Prompt: Print only the lines below from the one with "Hyundai Sonata 2016 Blue" to the one with "Door Bell Switch Q.1 white", both included, exactly as they stand. Leave pictures out.

Materials provided:
******************************

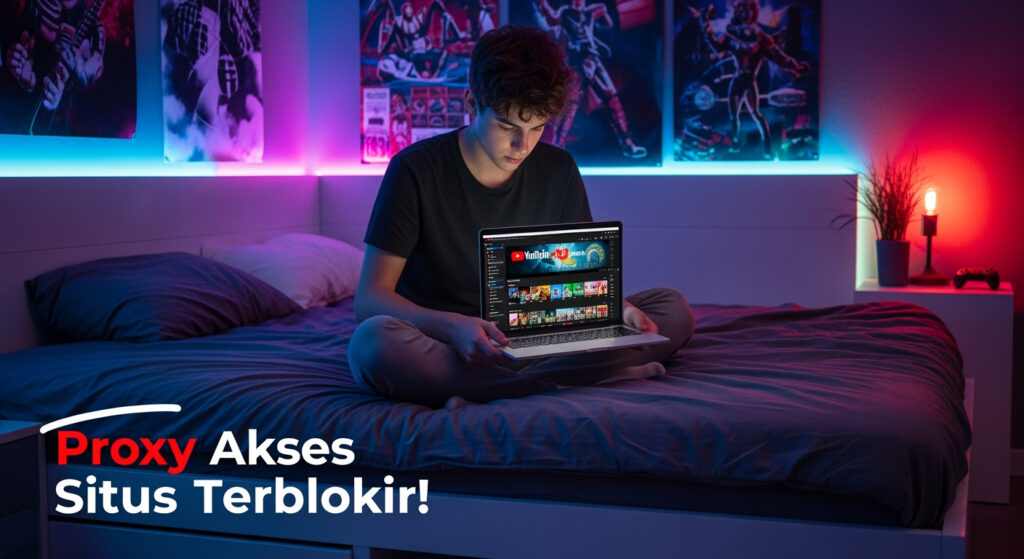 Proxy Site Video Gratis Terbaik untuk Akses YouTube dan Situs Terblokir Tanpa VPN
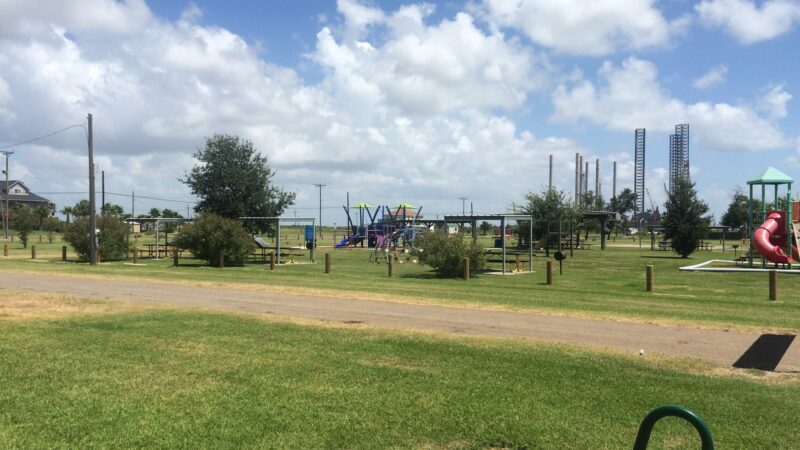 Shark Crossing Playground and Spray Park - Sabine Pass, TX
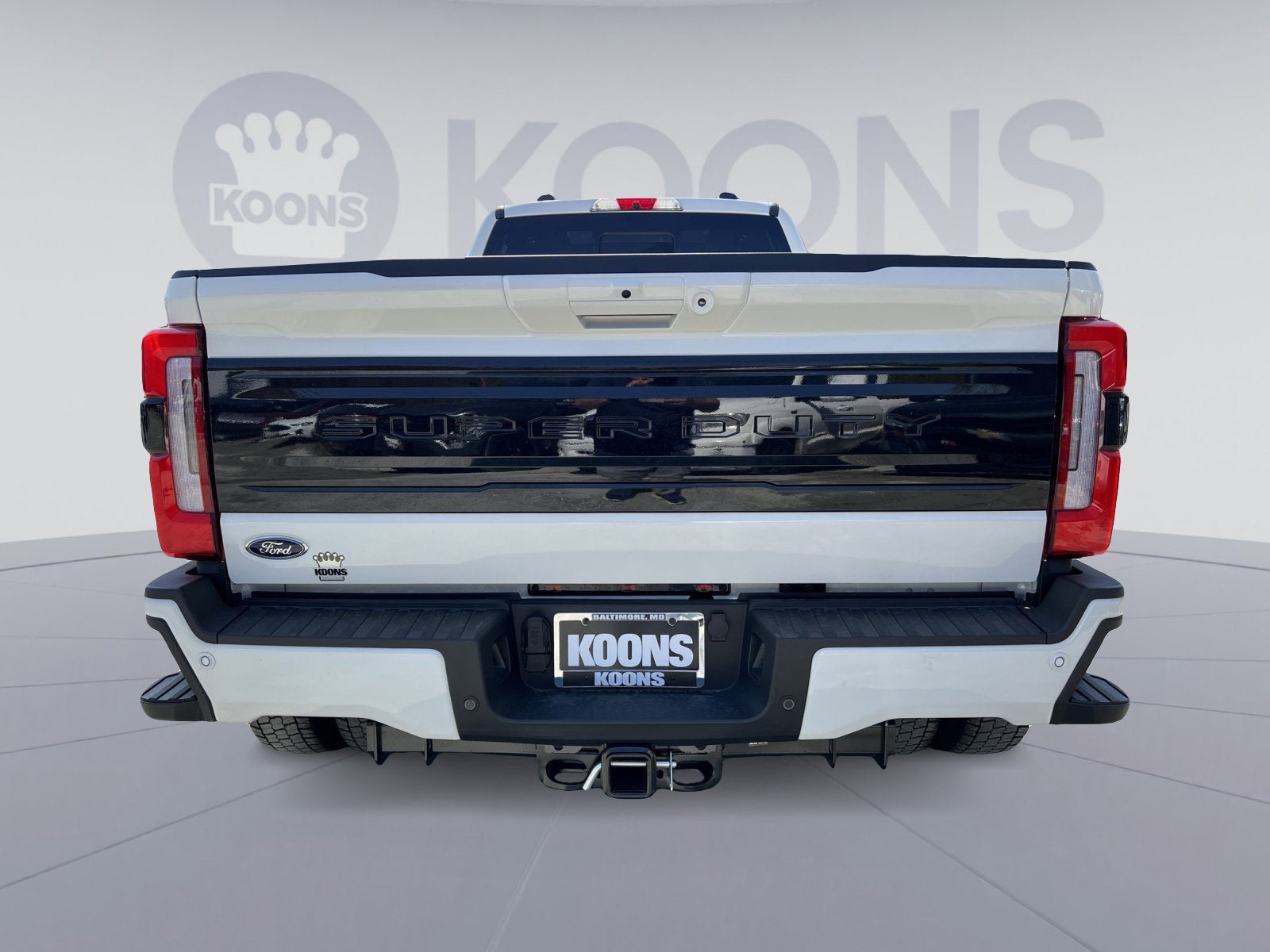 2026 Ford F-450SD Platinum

******************************

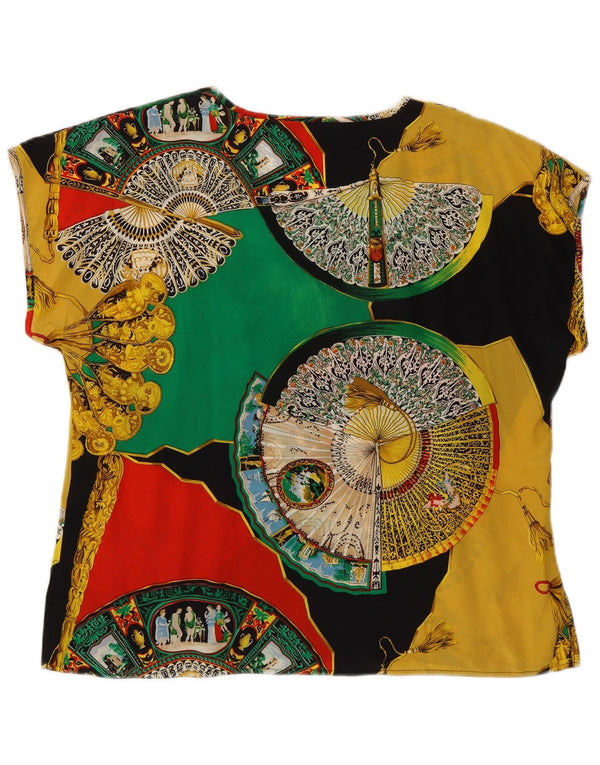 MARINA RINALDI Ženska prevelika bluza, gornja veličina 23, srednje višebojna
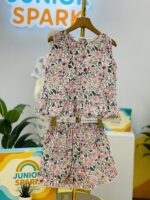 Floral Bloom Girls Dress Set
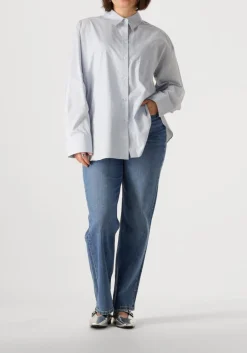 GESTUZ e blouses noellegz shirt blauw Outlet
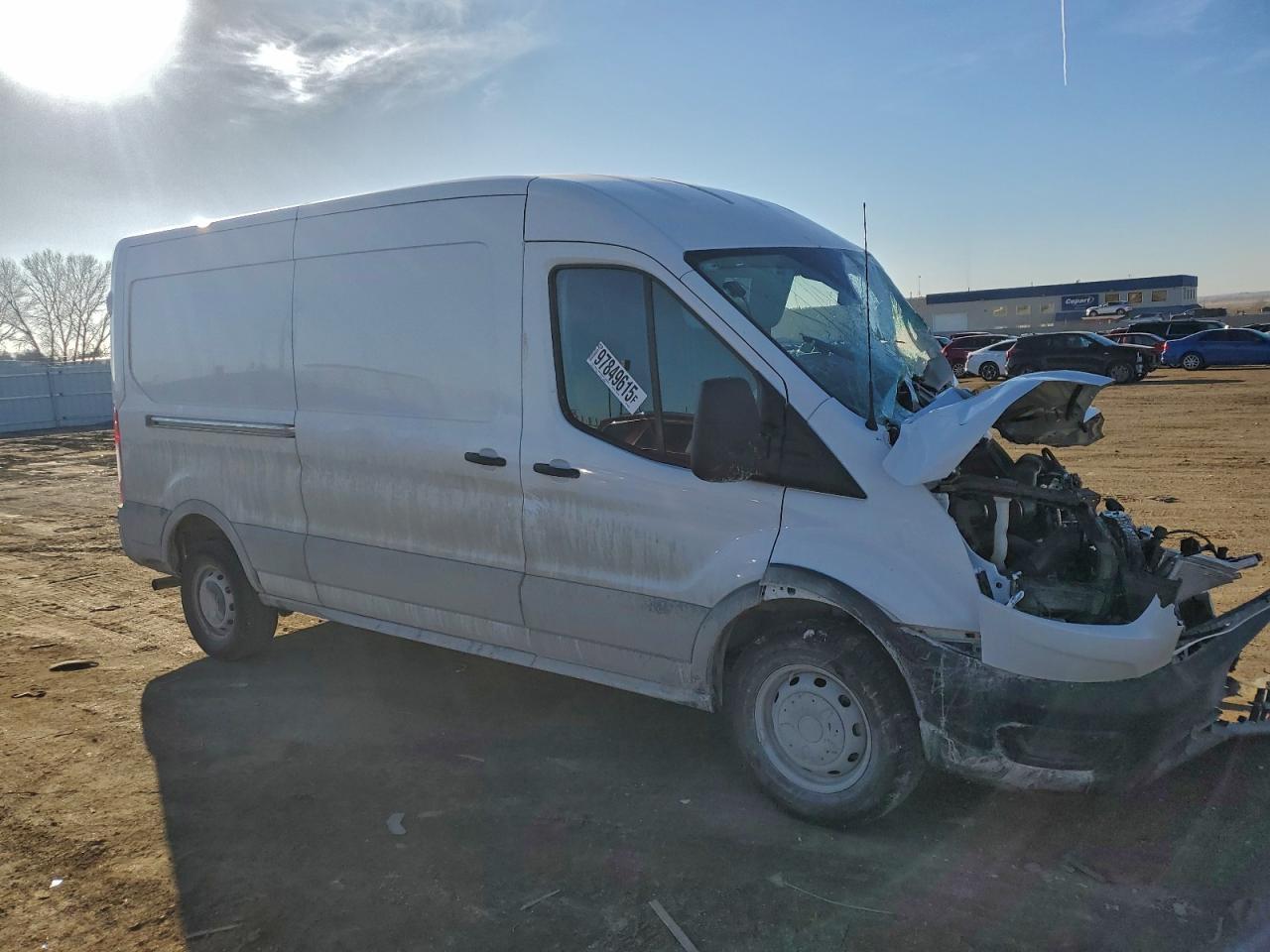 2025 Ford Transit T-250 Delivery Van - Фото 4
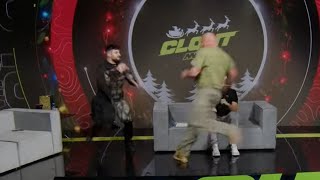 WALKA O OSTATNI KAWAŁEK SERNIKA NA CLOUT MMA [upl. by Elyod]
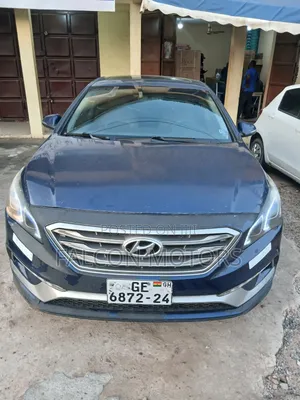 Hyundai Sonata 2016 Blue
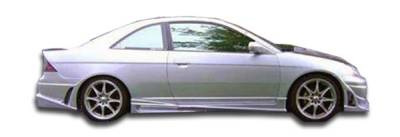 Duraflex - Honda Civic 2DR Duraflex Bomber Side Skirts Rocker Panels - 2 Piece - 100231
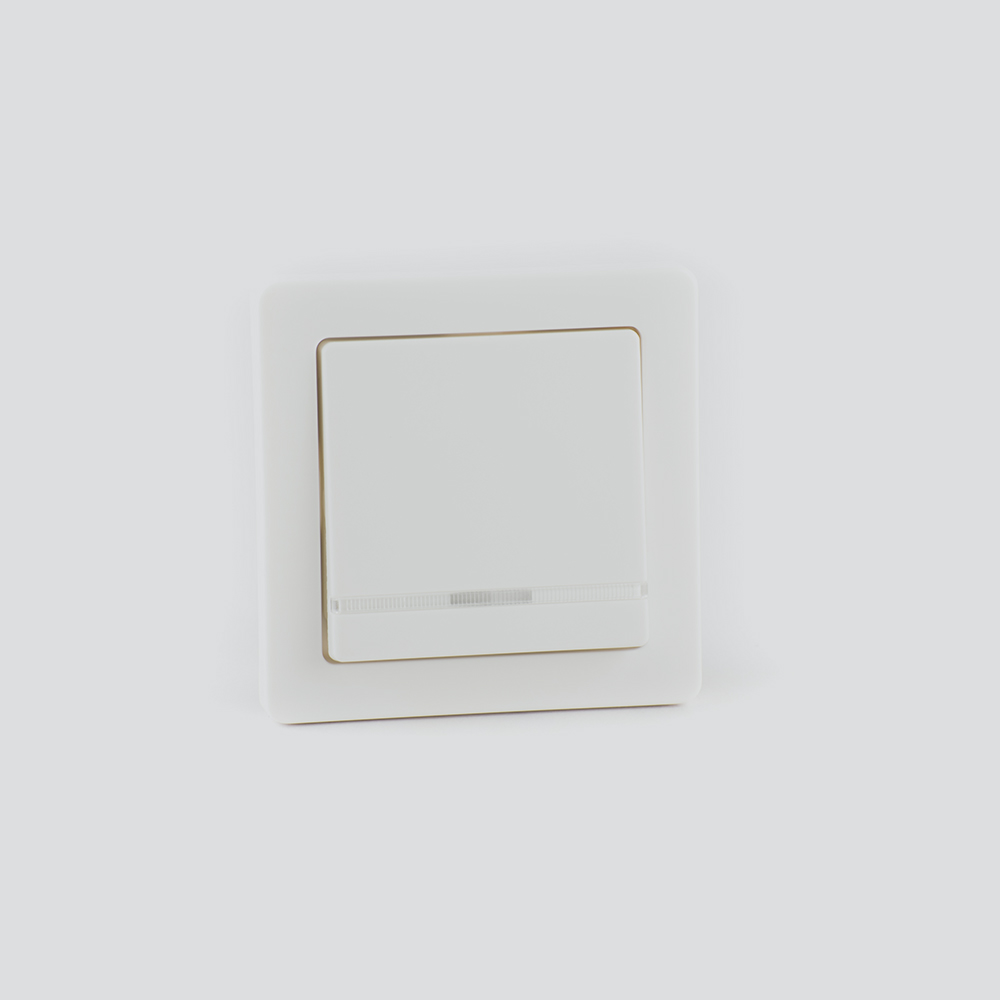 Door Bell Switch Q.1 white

******************************

Reply:
 Hyundai Sonata 2016 Blue
 Duraflex - Honda Civic 2DR Duraflex Bomber Side Skirts Rocker Panels - 2 Piece - 100231
 Door Bell Switch Q.1 white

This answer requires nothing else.